## [Exercise prompt]
Would you write out, word for word, each line of the records below from the top through the one holding "Tischkarte Taufe Rosa Licht ref.N440688"?
(Data)
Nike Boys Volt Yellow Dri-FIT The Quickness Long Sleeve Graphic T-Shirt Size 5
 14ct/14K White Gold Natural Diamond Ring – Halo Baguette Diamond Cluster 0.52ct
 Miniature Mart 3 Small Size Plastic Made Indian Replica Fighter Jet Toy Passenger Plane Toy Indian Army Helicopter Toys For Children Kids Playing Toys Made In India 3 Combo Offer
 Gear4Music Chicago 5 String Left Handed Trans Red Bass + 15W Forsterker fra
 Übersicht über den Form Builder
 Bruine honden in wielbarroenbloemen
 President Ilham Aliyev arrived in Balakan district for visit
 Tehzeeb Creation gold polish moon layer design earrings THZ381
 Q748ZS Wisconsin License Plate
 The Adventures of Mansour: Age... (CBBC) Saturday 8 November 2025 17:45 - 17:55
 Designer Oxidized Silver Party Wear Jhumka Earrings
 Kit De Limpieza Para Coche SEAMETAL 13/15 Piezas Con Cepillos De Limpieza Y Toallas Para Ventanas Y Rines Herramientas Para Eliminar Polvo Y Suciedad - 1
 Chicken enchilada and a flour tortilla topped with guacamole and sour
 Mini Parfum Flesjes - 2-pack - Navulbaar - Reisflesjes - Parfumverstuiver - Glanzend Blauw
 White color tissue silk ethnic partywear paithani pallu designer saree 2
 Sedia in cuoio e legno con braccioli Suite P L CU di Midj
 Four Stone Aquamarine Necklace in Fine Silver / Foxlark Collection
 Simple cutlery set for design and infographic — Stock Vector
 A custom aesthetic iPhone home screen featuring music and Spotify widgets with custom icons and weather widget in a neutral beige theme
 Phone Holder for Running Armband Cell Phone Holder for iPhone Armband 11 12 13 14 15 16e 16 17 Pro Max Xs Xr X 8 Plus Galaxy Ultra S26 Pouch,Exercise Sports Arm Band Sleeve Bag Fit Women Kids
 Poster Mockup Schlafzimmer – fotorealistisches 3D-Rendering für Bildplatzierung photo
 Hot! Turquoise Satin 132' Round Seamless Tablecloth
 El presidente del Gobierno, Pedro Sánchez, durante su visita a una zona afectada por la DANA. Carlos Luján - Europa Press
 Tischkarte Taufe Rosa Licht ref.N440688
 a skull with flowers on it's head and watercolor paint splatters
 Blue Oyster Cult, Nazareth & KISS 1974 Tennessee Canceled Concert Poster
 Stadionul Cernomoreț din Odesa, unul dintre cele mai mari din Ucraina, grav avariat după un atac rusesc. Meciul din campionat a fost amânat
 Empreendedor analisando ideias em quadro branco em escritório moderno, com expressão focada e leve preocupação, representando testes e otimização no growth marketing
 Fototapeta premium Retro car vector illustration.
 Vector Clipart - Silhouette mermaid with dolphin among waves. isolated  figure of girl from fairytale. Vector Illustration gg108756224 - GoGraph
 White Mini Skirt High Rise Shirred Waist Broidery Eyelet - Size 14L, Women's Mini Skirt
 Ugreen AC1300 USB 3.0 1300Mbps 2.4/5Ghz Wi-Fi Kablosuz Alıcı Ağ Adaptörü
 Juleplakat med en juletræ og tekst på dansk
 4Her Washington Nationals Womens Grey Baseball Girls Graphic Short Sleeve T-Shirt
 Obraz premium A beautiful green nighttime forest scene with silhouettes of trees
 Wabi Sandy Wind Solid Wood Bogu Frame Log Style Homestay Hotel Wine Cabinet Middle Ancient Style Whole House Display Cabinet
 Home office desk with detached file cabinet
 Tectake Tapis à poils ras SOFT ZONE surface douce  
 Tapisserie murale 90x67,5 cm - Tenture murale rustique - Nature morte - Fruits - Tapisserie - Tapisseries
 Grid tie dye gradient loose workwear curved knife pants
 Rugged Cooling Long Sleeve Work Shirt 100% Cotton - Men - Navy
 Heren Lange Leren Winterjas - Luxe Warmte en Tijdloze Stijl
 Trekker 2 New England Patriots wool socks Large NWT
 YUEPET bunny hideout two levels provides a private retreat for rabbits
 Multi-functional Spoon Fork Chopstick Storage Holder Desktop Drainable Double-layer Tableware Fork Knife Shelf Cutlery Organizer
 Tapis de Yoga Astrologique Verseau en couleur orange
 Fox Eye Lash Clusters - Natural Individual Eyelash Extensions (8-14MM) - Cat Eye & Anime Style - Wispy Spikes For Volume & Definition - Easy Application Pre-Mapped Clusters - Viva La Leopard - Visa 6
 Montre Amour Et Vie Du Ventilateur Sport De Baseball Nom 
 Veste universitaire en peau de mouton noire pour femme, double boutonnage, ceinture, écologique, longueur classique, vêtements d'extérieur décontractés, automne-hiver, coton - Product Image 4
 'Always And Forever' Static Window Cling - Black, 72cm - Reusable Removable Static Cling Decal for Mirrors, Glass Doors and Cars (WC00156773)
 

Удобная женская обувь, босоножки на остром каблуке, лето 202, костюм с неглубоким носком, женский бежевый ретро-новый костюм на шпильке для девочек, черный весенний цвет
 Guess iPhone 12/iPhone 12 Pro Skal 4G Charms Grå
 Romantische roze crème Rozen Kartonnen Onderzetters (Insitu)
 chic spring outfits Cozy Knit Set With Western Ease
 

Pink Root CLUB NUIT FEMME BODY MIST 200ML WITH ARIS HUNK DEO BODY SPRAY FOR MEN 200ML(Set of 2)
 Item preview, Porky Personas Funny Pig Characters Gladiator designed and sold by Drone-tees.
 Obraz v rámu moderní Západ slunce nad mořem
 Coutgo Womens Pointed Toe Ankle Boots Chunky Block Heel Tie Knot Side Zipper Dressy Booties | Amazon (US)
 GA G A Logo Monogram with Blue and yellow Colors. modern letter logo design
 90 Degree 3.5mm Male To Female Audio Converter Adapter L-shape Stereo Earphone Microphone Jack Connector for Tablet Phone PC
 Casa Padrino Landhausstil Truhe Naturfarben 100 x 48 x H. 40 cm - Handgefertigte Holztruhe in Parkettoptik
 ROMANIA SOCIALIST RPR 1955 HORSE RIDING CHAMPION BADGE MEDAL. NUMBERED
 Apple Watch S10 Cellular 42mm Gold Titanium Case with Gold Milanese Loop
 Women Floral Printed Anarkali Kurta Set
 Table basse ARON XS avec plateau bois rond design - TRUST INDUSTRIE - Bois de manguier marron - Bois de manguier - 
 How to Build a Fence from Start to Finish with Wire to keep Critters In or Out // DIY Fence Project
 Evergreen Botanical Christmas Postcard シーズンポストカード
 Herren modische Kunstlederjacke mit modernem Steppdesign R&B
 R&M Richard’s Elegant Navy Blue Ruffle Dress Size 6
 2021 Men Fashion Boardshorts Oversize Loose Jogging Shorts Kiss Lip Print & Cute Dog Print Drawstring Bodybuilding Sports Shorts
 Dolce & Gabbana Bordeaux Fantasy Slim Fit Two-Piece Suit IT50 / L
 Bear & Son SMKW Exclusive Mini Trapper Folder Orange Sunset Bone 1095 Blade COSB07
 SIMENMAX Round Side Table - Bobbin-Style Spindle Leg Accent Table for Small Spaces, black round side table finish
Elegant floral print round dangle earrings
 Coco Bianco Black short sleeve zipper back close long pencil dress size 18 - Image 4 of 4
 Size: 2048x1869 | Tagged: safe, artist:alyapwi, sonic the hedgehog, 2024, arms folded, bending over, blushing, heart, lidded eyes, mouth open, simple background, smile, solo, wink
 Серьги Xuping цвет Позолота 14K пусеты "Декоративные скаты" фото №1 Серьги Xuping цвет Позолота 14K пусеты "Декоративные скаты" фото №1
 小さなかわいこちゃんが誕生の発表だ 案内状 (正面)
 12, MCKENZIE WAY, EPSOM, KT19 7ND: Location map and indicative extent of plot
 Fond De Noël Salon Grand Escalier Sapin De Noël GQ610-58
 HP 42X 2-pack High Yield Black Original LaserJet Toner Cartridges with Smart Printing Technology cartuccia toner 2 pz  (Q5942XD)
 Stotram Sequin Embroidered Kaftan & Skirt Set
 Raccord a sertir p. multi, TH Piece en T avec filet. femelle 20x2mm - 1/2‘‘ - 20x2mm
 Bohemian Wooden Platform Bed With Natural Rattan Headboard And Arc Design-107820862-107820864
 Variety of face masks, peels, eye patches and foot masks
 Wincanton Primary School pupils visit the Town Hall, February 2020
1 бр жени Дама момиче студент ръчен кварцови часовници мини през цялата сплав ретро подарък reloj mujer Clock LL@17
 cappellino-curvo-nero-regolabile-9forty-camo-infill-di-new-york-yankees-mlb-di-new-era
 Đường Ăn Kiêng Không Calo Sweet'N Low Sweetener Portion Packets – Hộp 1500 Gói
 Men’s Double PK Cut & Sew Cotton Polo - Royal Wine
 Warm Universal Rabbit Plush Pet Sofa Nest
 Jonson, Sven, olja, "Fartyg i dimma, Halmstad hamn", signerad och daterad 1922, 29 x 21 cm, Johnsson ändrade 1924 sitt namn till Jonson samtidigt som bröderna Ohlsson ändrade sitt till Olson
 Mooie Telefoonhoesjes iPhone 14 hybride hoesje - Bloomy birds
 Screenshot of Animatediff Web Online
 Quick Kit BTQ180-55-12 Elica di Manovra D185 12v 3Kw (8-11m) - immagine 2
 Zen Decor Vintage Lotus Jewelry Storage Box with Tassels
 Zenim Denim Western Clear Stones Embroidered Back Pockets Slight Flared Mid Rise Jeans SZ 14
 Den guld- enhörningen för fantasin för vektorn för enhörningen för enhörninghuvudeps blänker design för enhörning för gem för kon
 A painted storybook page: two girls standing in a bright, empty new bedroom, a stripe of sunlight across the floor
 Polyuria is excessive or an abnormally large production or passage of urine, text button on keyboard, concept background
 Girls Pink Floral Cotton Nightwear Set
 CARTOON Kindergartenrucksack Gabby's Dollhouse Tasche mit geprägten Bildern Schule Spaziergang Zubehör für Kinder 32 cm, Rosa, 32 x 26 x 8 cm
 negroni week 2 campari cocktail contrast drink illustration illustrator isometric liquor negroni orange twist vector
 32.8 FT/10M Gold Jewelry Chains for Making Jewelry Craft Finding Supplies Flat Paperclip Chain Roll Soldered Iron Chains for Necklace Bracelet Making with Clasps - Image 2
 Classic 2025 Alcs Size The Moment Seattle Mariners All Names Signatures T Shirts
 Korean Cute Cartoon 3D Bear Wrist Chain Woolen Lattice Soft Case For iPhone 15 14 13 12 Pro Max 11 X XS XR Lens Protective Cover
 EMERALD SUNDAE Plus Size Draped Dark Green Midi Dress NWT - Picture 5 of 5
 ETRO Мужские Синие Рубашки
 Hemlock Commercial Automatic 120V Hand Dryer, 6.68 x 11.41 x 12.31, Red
(End Data)
## [Reply to the task]
Nike Boys Volt Yellow Dri-FIT The Quickness Long Sleeve Graphic T-Shirt Size 5
 14ct/14K White Gold Natural Diamond Ring – Halo Baguette Diamond Cluster 0.52ct
 Miniature Mart 3 Small Size Plastic Made Indian Replica Fighter Jet Toy Passenger Plane Toy Indian Army Helicopter Toys For Children Kids Playing Toys Made In India 3 Combo Offer
 Gear4Music Chicago 5 String Left Handed Trans Red Bass + 15W Forsterker fra
 Übersicht über den Form Builder
 Bruine honden in wielbarroenbloemen
 President Ilham Aliyev arrived in Balakan district for visit
 Tehzeeb Creation gold polish moon layer design earrings THZ381
 Q748ZS Wisconsin License Plate
 The Adventures of Mansour: Age... (CBBC) Saturday 8 November 2025 17:45 - 17:55
 Designer Oxidized Silver Party Wear Jhumka Earrings
 Kit De Limpieza Para Coche SEAMETAL 13/15 Piezas Con Cepillos De Limpieza Y Toallas Para Ventanas Y Rines Herramientas Para Eliminar Polvo Y Suciedad - 1
 Chicken enchilada and a flour tortilla topped with guacamole and sour
 Mini Parfum Flesjes - 2-pack - Navulbaar - Reisflesjes - Parfumverstuiver - Glanzend Blauw
 White color tissue silk ethnic partywear paithani pallu designer saree 2
 Sedia in cuoio e legno con braccioli Suite P L CU di Midj
 Four Stone Aquamarine Necklace in Fine Silver / Foxlark Collection
 Simple cutlery set for design and infographic — Stock Vector
 A custom aesthetic iPhone home screen featuring music and Spotify widgets with custom icons and weather widget in a neutral beige theme
 Phone Holder for Running Armband Cell Phone Holder for iPhone Armband 11 12 13 14 15 16e 16 17 Pro Max Xs Xr X 8 Plus Galaxy Ultra S26 Pouch,Exercise Sports Arm Band Sleeve Bag Fit Women Kids
 Poster Mockup Schlafzimmer – fotorealistisches 3D-Rendering für Bildplatzierung photo
 Hot! Turquoise Satin 132' Round Seamless Tablecloth
 El presidente del Gobierno, Pedro Sánchez, durante su visita a una zona afectada por la DANA. Carlos Luján - Europa Press
 Tischkarte Taufe Rosa Licht ref.N440688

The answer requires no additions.